L'union, l'espérance, l'admiration, les prestiges, vont toujours croissant jusqu'à l'intimité parfaite; elle remplit l'âme que cette progression agrandissait. Là s'arrête et rétrograde l'homme ardent sans être sensible, et n'ayant d'autre besoin que celui du plaisir. Mais l'homme aimant ne change pas ainsi; plus il obtient, plus il est lié; plus il est aimé, plus il aime; plus il possède ce qu'il a désiré, plus il chérit ce qu'il possède. Ayant tout reçu, il croit tout devoir: celle qui se donne à lui devient nécessaire à son être: des années de jouissance n'ont pas changé ses désirs, elles ont ajouté à son amour la confiance d'une habitude heureuse, et les délices d'une libre mais délicate intimité.

On prétend condamner l'amour comme une affection tout à fait sensuelle, et n'ayant d'autre principe qu'un besoin qu'on appelle grossier. Mais je ne vois rien dans nos désirs les plus compliqués dont la véritable fin ne soit un des premiers besoins physiques: le sentiment n'est que leur expression indirecte; l'homme intellectuel ne fut jamais qu'un fantôme. Nos besoins éveillent en nous la perception de leur objet positif, et les perceptions innombrables des objets qui leur sont analogues. Les moyens directs ne rempliraient pas seuls la vie; mais ces impulsions accessoires l'occupent tout entière, parce qu'elles n'ont point de bornes. Celui qui ne saurait vivre sans espérer de soumettre la terre, n'y eût pas songé s'il n'eût pas eu faim. Nos besoins réunissent deux modifications d'un même principe, l'appétit et le sentiment: la prépondérance de l'une sur l'autre dépendra de l'organisation individuelle et des circonstances déterminantes. Tout but d'un désir naturel est légitime: tous les moyens qu'il inspire sont bons s'ils n'attaquent les droits de personne, et s'ils ne produisent dans nous-mêmes aucun désordre réel qui compense son utilité.

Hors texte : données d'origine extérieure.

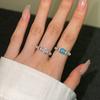 Explosiones Transfronterizas Anillo de Plata Esterlina S925 para Mujer de Alta Gama Zircón Corte Flor de Hielo Azul Rosado Moda Geométrico Anillo de Amor
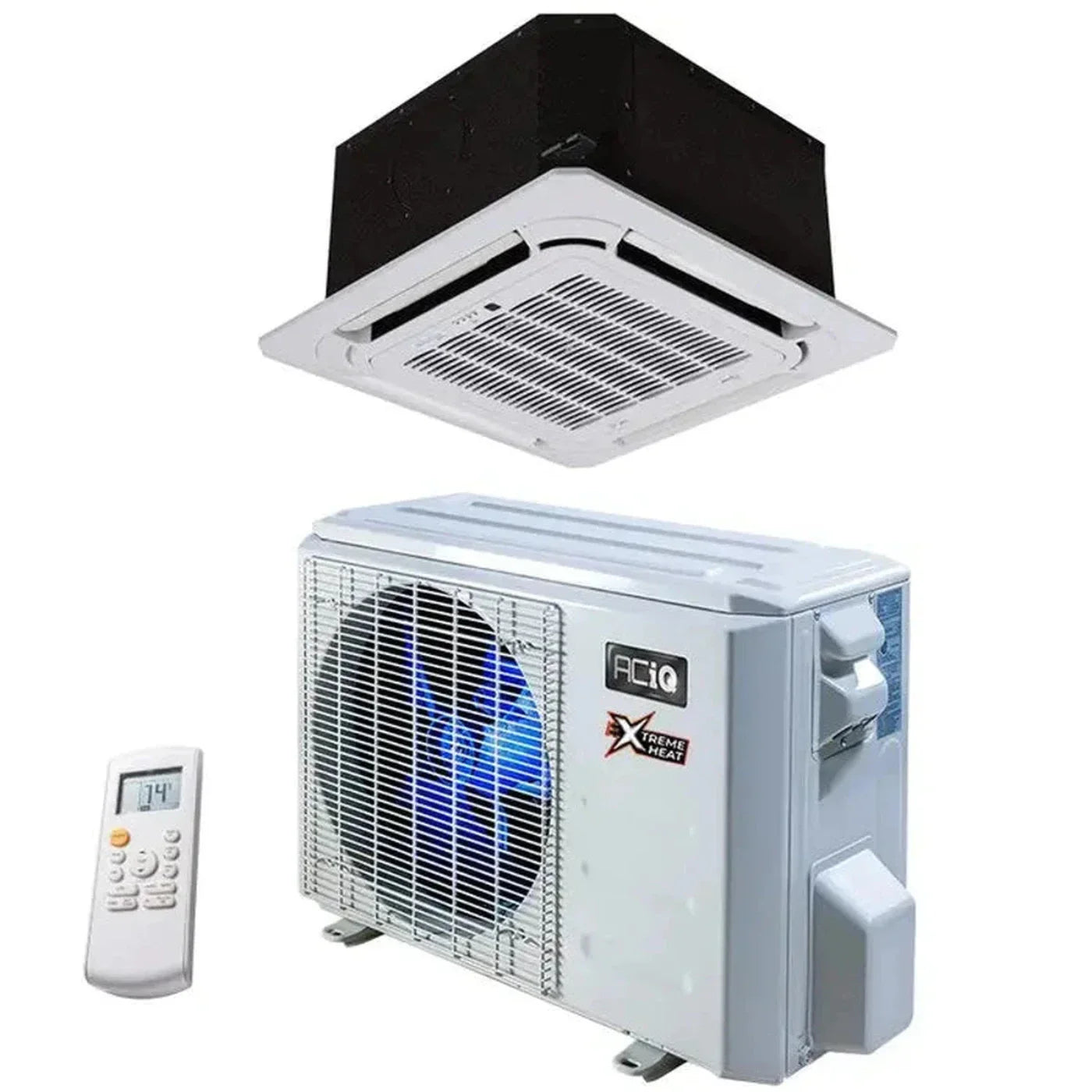 18,000 BTU 21 SEER ACiQ Platinum Single Zone Ceiling Cassette Mini Split System w/ Extreme Heat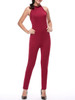 Hot X-Back Band Collar Solid Slim-Leg Jumpsuit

Vous avez trop étendu les devoirs. Vous avez dit: Demandons plus, afin d'obtenir assez. Vous vous êtes trompé: si vous exigez trop des hommes, ils se rebuteront[64]: si vous voulez qu'ils montrent des vertus chimériques, ils les montreront; ils disent que cela coûte peu. Mais parce que ces vertus ne sont pas dans leur nature, ils auront une conduite cachée tout à fait contraire; et parce que cette conduite sera cachée, vous ne pourrez en arrêter les excès. Il ne vous restera que ces moyens dangereux dont la vaine tentative augmentera le mal, en augmentant la contrainte et l'opposition entre le devoir et les penchants. Vous croirez d'abord que vos lois seront mieux suivies, parce que l'infraction en sera mieux masquée; mais un jugement faux, un goût dépravé, une dissimulation habituelle, et des ruses hypocrites, en seront les véritables résultats.